(Brief descriptive captions)
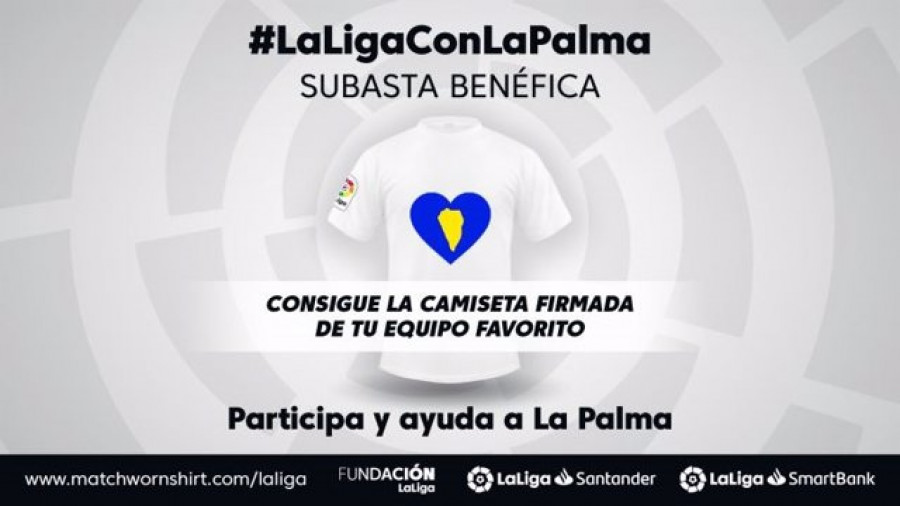 LaLiga promueve una subasta benéfica de camisetas para ayudar a los afectados por el volcán de La Palma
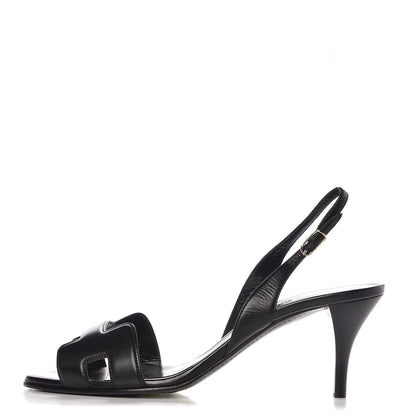 Hermes Calfskin Night 70 Slingback Sandals 38.5 Black 1 of 8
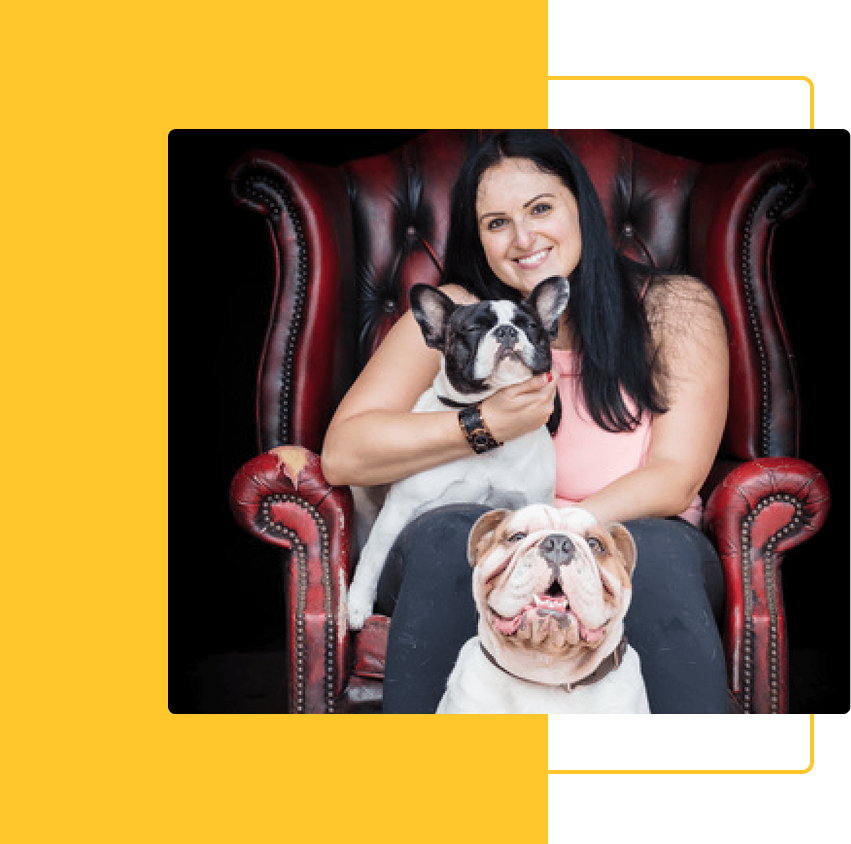 Gemma Stocks, Founder of Herbal Dog Co, with her bulldogs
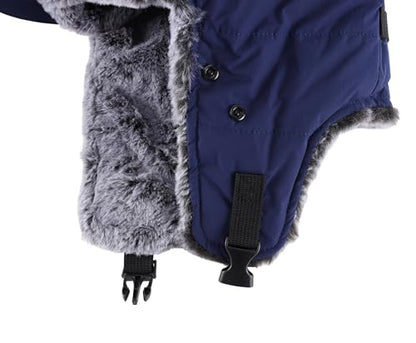 Connectyle Trapper Hat for Men Women Faux Fur Winter Hat with Ear Flaps Water-Resistant Hunting Hats Ushanka Skiing Cap - color: Navy Blue
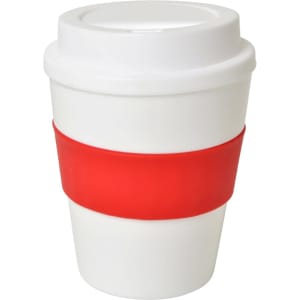 A large white cup with a red silicone sleeve and a matching lid, featuring a logo.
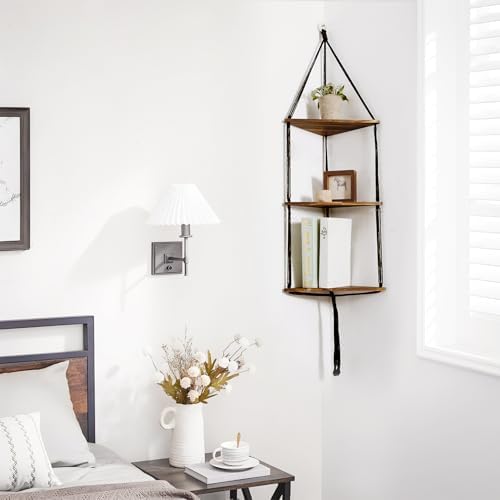 Artilady Corner Shelf Macrame Wall Hanging, 3 Tier Black Boho Storage Decor
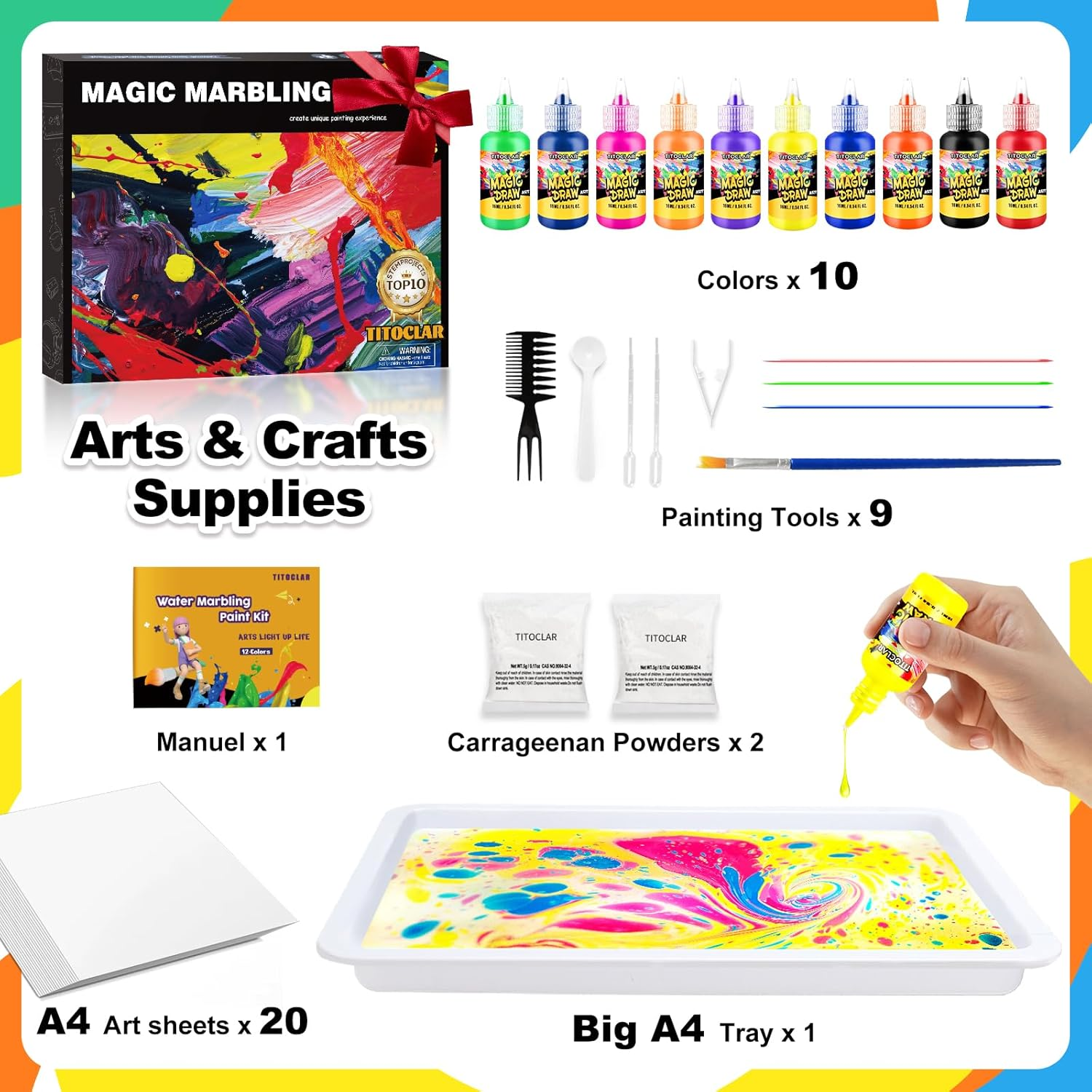 Arts & Crafts for Kids Ages 8-12 6-8 3-5,Water Marbling Paint Kit, Art Supplies for Kids,Birthday Gifts Toys for Girls Boys 3+Year Old image number 1
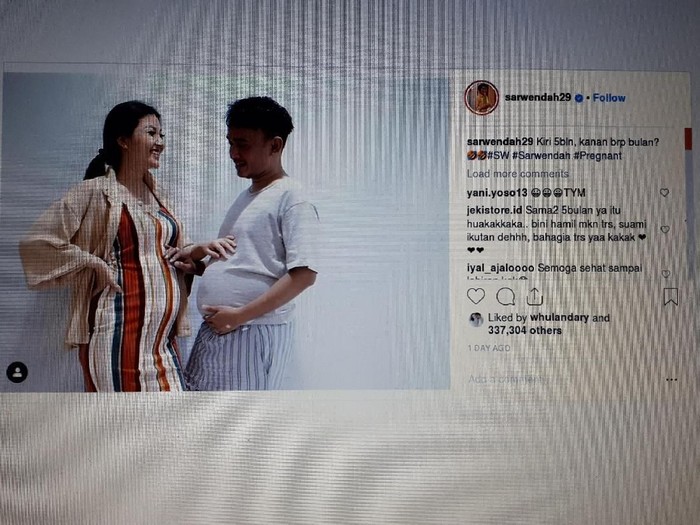 Posting Foto Hamil, Perut Sarwendah Kalah sama Ruben Onsu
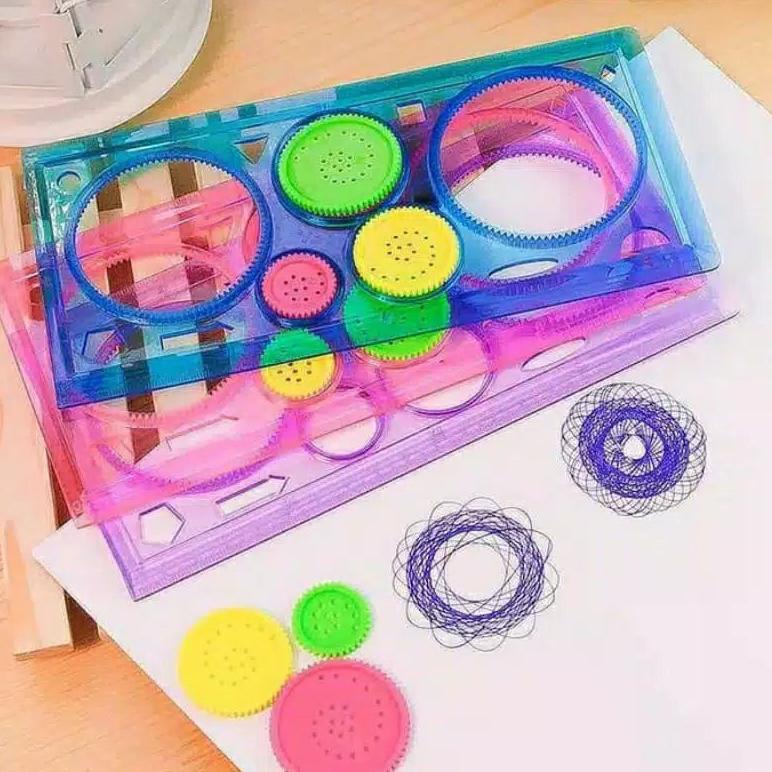 

W78 1 Set Penggaris Bunga Putar/ rotari Ajaib Spirograph Mistar Dekorasi Huruf Simbol TERLARIS ㍾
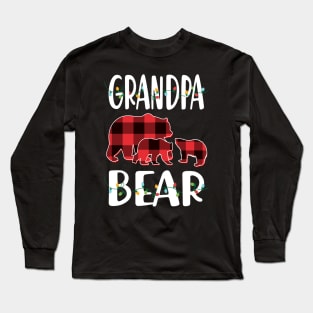 Grandpa Bear Red Plaid Christmas Pajama Matching Family Gift Long Sleeve T-Shirt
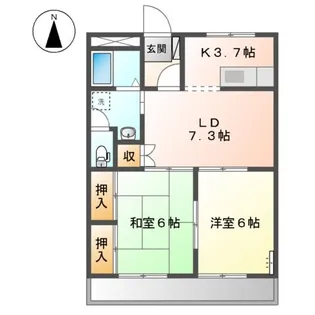 メゾンセルフィス【1階】の間取り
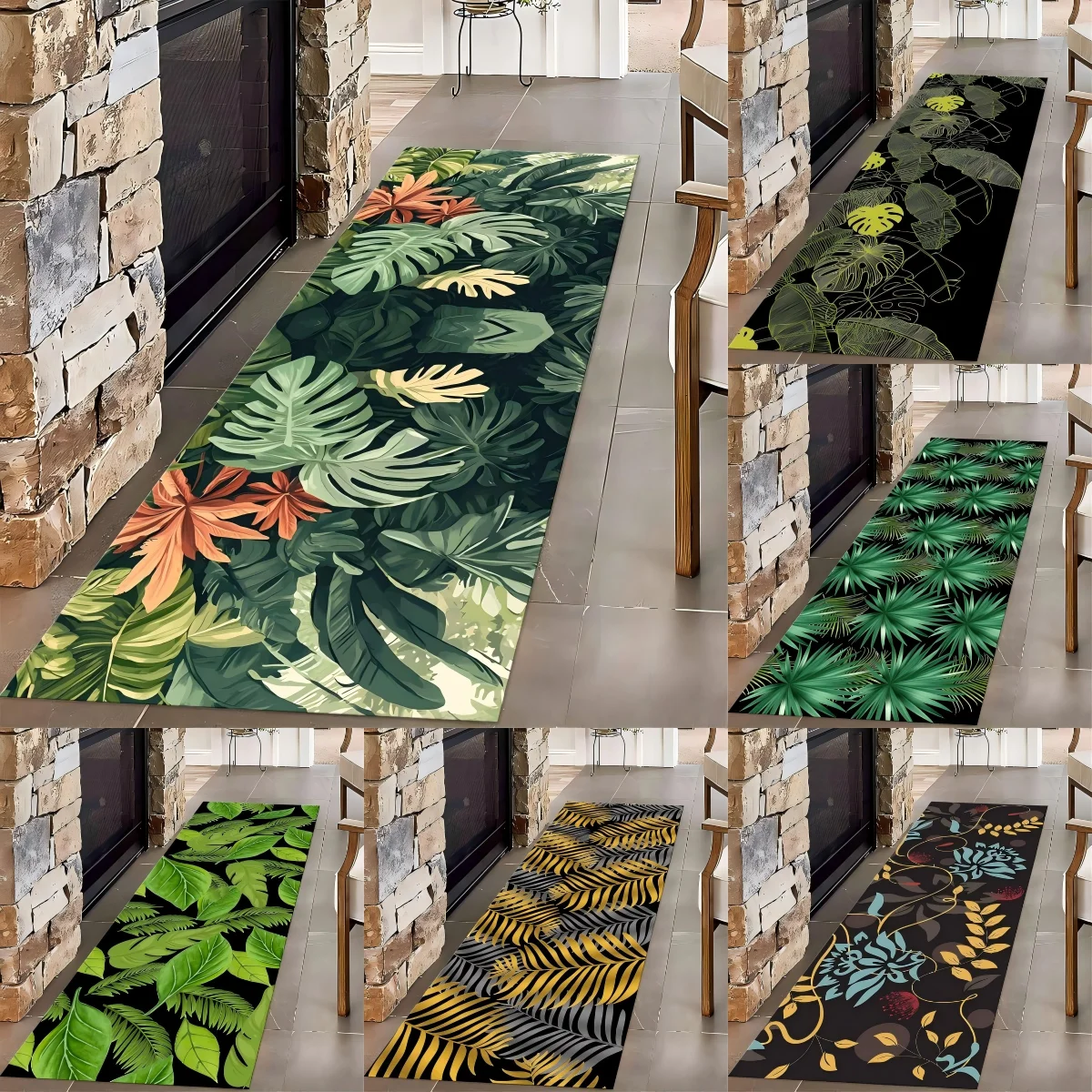 Green Leaf Runner Rug for Living Room Leaves Palm Leaf Monstera Print Long Runner Rug, Non-Slip Rug for Hallway Kitchen Laundry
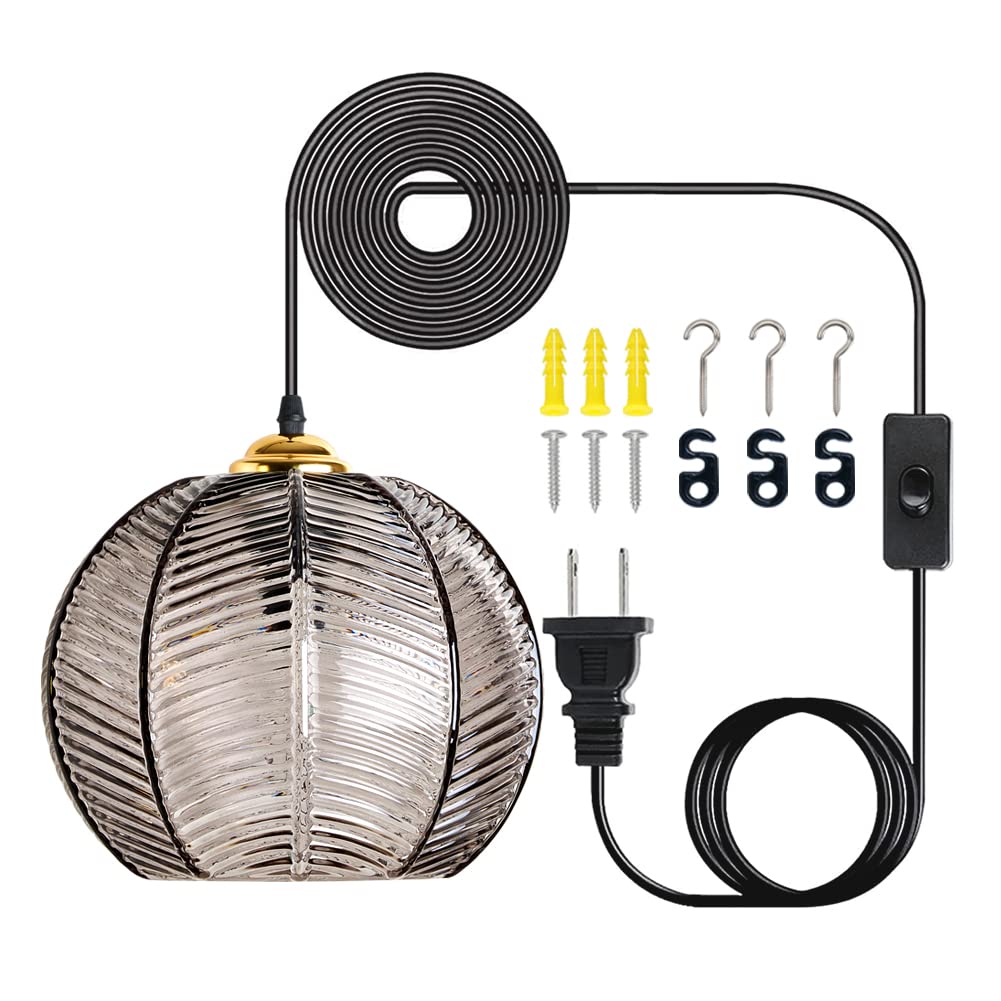 Plug in Glass Pendant Light Mid-Century Modern Striped Grey Glass Hanging Ceiling Lighting Fixture with 14.7FT Cord, Globe Decor Chandelier For Living Room, Bedroom, Dining Hall, Kitchen (Smoke Grey)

— TASK DETAILS —
Begin at the line containing "W78 1 Set Penggaris" and extract every line through the end of the records, inclusive, exactly and only; omit pictures.

— ANSWER SPACE —
W78 1 Set Penggaris Bunga Putar/ rotari Ajaib Spirograph Mistar Dekorasi Huruf Simbol TERLARIS ㍾
 Grandpa Bear Red Plaid Christmas Pajama Matching Family Gift Long Sleeve T-Shirt
 メゾンセルフィス【1階】の間取り
 Green Leaf Runner Rug for Living Room Leaves Palm Leaf Monstera Print Long Runner Rug, Non-Slip Rug for Hallway Kitchen Laundry
 Plug in Glass Pendant Light Mid-Century Modern Striped Grey Glass Hanging Ceiling Lighting Fixture with 14.7FT Cord, Globe Decor Chandelier For Living Room, Bedroom, Dining Hall, Kitchen (Smoke Grey)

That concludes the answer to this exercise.